Didn't they kill off all the grass last year? hopefully it made a comeback.


----------



## bigbass201 (Oct 26, 2015)

mepps_fisher said:


> Didn't they kill off all the grass last year? hopefully it made a comeback.


They said they didn't, but it sure looked like they did.


----------



## DHower08 (Nov 20, 2015)

I also heard they did I will call down there and talk to someone at marina


----------



## puregreen (May 23, 2009)

I was told they sprayed this spring


----------



## lakeslouie (Jan 11, 2006)

Was just there last Friday. Mainlake weeds are gone. Was told by a local they've been spraying. Bite is off. We have a club tourny there Sun. but only have 7 boats. Come join us....


----------



## lakeslouie (Jan 11, 2006)

DHower08 said:


> I also heard they did I will call down there and talk to someone at marina


Call Gary Foster the park manager. Contact info at City of Mansfield, Clear Fork lake. Also shows a link for all tourny permits so you know what you're getting in to. Hope helps


----------



## lakeslouie (Jan 11, 2006)

bigbass201 said:


> I haven't been there yet this year either and was wondering the same thing. Last year at this time I was surprised by how many weeds were gone. We did real well along the edge of the pencil reeds. One thing you might want to consider is with all this rain that place could be really muddy. I know the spring the rains really muddy up the lake. Good luck, and I'll be looking forward to seeing how you do.


Was real muddy Fri. I'm afraid it's gonna be worse Sun.


----------



## DHower08 (Nov 20, 2015)

Thanks wveryone. I'll make a few calls may end up taking him up to Cleveland harbor instead.


----------



## DHower08 (Nov 20, 2015)

lakeslouie said:


> Was just there last Friday. Mainlake weeds are gone. Was told by a local they've been spraying. Bite is off. We have a club tourny there Sun. but only have 7 boats. Come join us....


What's entry fee and payout


----------



## lakeslouie (Jan 11, 2006)

Was joking, it's a club tourny. Not an open. I was just saying there are only 7 boats.
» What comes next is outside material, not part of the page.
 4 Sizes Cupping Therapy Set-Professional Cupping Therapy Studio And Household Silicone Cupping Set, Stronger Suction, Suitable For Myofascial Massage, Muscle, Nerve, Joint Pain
I don't think our presence will bother you or your son.


----------



## bigbass201 (Oct 26, 2015)

lakeslouie said:


> Was real muddy Fri. I'm afraid it's gonna be worse Sun.


I'm planning on fishing there, but will probably wait till October now. Thanks for the info. Really appreciate it.


----------



## DHower08 (Nov 20, 2015)

lakeslouie said:


> Was joking, it's a club tourny. Not an open. I was just saying there are only 7 boats. I don't think our presence will bother you or your son.
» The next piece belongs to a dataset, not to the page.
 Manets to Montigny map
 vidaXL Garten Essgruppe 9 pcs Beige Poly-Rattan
thought it was an open. I'll call today and find out if it's super muddy or not


----------



## DHower08 (Nov 20, 2015)

Called the marina. The guy kid...??? What ever he was sounded like he didn't even know what water was. I said how muddy is the lake after all the recent rain. He goes uhhh the water?? I said yes the water is it muddy .

well I don't know if it is or not. Is the response I got


----------



## lakeslouie (Jan 11, 2006)

DHower08 said:


> Called the marina. The guy kid...??? What ever he was sounded like he didn't even know what water was. I said how muddy is the lake after all the recent rain. He goes uhhh the water?? I said yes the water is it muddy .
> 
> well I don't know if it is or not. Is the response I got


Lol... Friend got back today said it was bad. Very reliable source


----------



## puregreen (May 23, 2009)

Drove past today its muddy all the way to the big island


----------



## Tim67 (Mar 21, 2013)

I live about 25min away and all the water bodies are like cocoa sure would not make that drive for this.


----------



## bigbass201 (Oct 26, 2015)

Thanks. I'll be waiting till October to hit it up.


----------



## basshabit (Apr 3, 2015)

I was there today...water was muddy and stained! water temp was 74 degrees caught 1 bass between 8 and noon! There was a tournament and a lot of boats but didn't hear how any of them did.


----------



## DHower08 (Nov 20, 2015)

Fished a small lake by me. Caught 6 missed a couple and lost two good ones. On about 4# came unbuttoned and broke off on a solid 5#


----------



## tubejig (Apr 5, 2010)

Hey Lakes Louis- do you know the results of your small club tourney there at Clearfork?


----------



## mepps_fisher (May 6, 2009)

went out there this past weekend. what a mud hole. just a few straggling weeds along the shore. Shame what happened to that place. Used to be great.


----------



## HogCatchin (Oct 24, 2017)

I went down this past weekend...interesting time. 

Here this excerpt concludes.